Situada al pie de la cordillera de los Andes, la Casa Luna es el último experimento arquitectónico de Pezo von Ellrichshausen. Una arquitectura donde reverbera la crudeza, la tosquedad brutalista y el perfil geométrico severo que siempre ha caracterizado al dúo chileno.
La osadía arquitectónica de Pezo von Ellrichshausen
La primera creación del tándem Pezo von Ellrichshausen fue la Casa Poli (2005): un monolito tosco, crudo y sin escala, abandonado a la orilla de un acantilado sobre el que se erige como un cuerpo carismático, atemporal e intrigante. Su vigor derivaba de la osadía con la que los entonces jóvenes arquitectos —ella, argentina y él, chileno— desafiaban el pensamiento arquitectónico y, también, la materialidad deliberadamente ruda, resultado del trabajo de mano de obra no especializada.
Por esa última razón, sus autores nos dicen que la Casa Poli “podría leerse como un homenaje a la imperfección, al accidente inevitable de la factura humana”. Un punto que, como ellos mismos continúan, “aún llevamos más lejos en Casa Luna”. En ella, reverbera de nuevo una crudeza y tosquedad brutalista y un perfil geométrico severo, recalcando este como un adjetivo inherente a la práctica de ambos.
Situada al pie de la cordillera de los Andes, Casa Luna tiene una superficie de 2400 m2, y sus creadores la explican desde la contradicción: “es grande y pequeña”. De escasa altura, está formada por una serie de doce volúmenes diferentes separados entre sí por juntas sísmicas.
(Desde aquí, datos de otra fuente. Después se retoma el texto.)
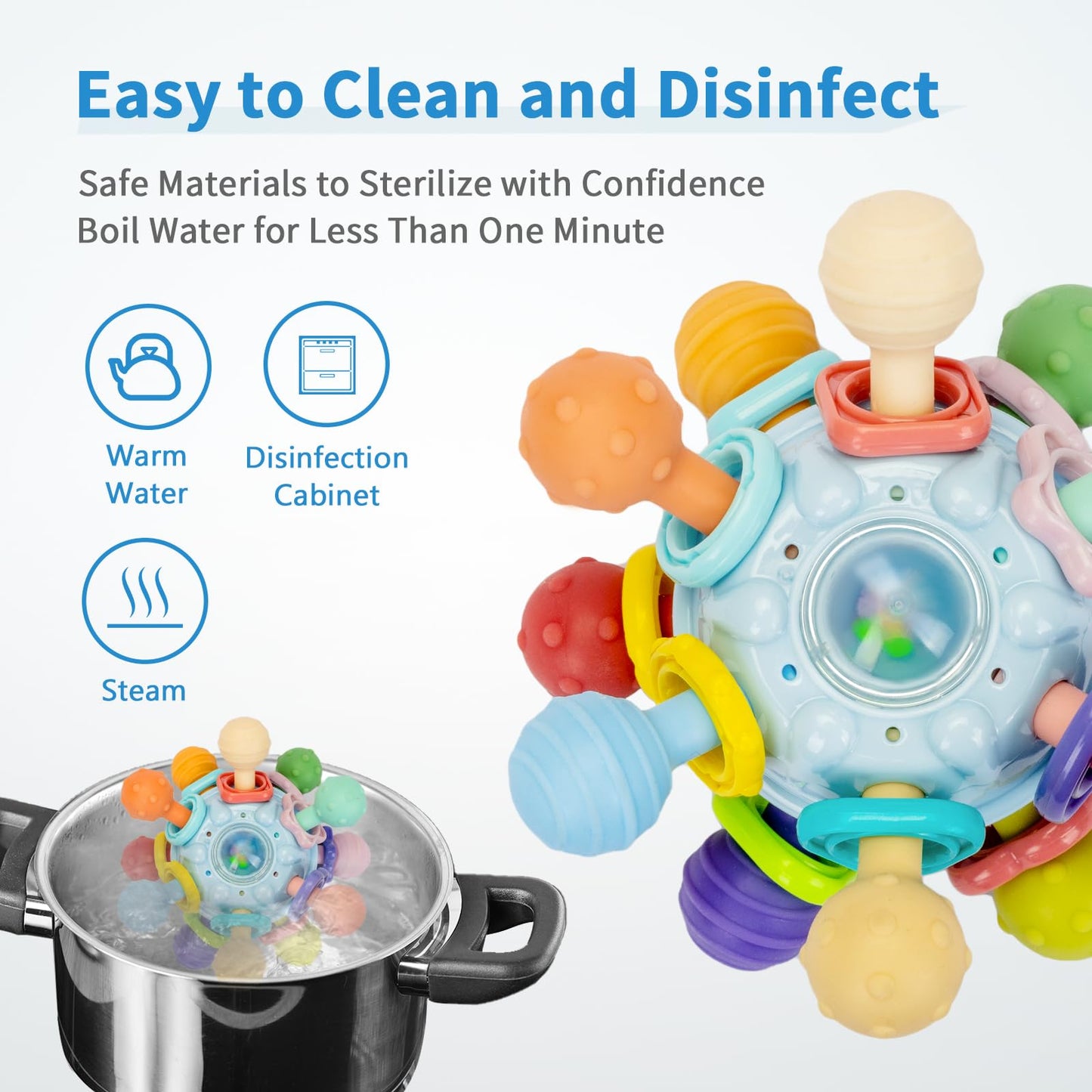 Accevo Baby Teething Toys Silicone Baby Teether Toys For 6-12 Months Chew Toys For Sucking Needs, Baby Teether For Soothing Sore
Definirla partiendo de la funcionalidad no llevaría a un concepto claro tampoco: “Decir que esta colección de bloques de hormigón es una vivienda sería demasiado simple. Decir que es un museo sería demasiado humilde”.
Casa Luna: un claustro brutalista
La imposibilidad de ceñirla a una idea se debe seguramente al hecho de que el proyecto es esencialmente materia y espacio. El dúo entiende este conjunto de construcciones más bien como “un claustro”, en alusión a esa arquitectura para la vivencia espiritual, el estado contemplativo o el distanciamiento de lo mundano. Su modestia y su rigor absoluto también pueden evocar la idea de la naos en el templo griego o el atrio de la villa romana llevados a su depuración estructural, pero también a la atractiva y desnuda osamenta de hormigón en la edificación contemporánea.
La planta es una huella cuadrada dividida por una cruz asimétrica. Vista en plano cenital, aparece como una disciplinada composición geométrica, integrada por rectángulos, cuadrados y círculos. Acude a la mente El Universo, el dibujo en tinta realizado por el monje zen Sengai Gibon, alusivo a la inefabilidad de lo real. Hay estancias dispuestas en su perímetro y núcleo que se desdoblan en torno a cuatro patios: uno de los cuales alberga un jardín de flores y otro, que triplica el tamaño de los demás, cuenta con un estanque y algunos árboles ancianos. A este patio debe la casa su nombre, ya que sus dimensiones equivalen a las de una plaza de toros, que en la tradición rural chilena recibe el nombre de “medialuna”.
Las aberturas en múltiples direcciones difuminan o suprimen la identidad funcional del edificio: “Casi no hay contraste entre las habitaciones para vivir y para trabajar” o para hacer otras actividades. En algunos rincones se generan matices de intimidad y, en otros, de monumentalidad al peso, el vacío y la opacidad. Como ocurría en la Casa Poli, el exterior parece aquí también impávido, actuando como una fortaleza dentro de la cual se despliega un interior emocional, “atiborrado de momentos” que suceden dentro y fuera, y en donde resuenan también ecos cruciales de la arquitectura de la modernidad.